→ **Working data**
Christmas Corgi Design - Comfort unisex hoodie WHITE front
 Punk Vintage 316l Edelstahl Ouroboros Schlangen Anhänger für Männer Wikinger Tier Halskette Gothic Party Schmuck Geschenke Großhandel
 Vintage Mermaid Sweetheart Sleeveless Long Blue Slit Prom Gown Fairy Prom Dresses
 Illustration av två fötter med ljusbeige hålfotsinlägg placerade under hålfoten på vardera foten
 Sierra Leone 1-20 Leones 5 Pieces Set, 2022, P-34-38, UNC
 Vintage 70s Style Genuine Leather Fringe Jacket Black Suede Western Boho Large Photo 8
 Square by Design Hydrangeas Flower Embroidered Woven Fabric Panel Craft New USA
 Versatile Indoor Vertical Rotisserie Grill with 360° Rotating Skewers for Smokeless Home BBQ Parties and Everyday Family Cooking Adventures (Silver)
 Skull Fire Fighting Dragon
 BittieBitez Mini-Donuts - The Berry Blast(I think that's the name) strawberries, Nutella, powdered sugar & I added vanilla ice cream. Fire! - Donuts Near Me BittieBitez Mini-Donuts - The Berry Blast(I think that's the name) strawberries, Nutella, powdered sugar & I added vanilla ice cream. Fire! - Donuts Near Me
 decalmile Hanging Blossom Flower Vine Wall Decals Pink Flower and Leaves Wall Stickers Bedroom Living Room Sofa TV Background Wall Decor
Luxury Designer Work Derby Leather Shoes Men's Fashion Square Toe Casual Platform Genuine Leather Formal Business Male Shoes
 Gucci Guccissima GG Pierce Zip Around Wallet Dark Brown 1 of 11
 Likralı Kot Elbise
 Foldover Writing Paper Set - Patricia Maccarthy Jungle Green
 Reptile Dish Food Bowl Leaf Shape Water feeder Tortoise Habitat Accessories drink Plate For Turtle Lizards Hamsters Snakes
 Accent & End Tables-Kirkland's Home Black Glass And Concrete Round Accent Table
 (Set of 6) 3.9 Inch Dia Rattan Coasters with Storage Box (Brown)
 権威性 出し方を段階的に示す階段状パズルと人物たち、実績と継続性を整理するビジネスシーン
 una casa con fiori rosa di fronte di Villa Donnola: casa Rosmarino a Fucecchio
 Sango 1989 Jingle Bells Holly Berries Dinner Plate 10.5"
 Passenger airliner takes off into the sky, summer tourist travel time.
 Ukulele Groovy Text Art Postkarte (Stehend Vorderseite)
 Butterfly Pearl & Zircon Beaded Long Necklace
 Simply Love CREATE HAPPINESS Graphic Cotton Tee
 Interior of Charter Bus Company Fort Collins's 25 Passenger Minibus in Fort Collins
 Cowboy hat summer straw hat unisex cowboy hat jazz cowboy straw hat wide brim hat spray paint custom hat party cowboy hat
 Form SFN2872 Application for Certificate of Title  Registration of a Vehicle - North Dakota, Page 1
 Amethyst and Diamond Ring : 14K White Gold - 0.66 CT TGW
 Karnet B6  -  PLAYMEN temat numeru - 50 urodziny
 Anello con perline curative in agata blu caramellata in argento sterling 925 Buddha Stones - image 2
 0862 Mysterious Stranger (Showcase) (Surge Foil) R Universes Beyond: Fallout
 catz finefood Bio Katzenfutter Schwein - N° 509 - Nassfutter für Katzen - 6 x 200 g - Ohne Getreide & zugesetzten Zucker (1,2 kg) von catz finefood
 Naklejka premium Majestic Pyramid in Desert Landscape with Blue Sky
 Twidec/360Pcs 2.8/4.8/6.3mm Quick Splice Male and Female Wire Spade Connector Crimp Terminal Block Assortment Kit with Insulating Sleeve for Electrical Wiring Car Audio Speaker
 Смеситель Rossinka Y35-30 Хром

→ **Exercise instructions**
Each line of the records that holds the word "Vintage" should be copied out.

→ **Written reply**
 Punk Vintage 316l Edelstahl Ouroboros Schlangen Anhänger für Männer Wikinger Tier Halskette Gothic Party Schmuck Geschenke Großhandel
 Vintage Mermaid Sweetheart Sleeveless Long Blue Slit Prom Gown Fairy Prom Dresses
 Vintage 70s Style Genuine Leather Fringe Jacket Black Suede Western Boho Large Photo 8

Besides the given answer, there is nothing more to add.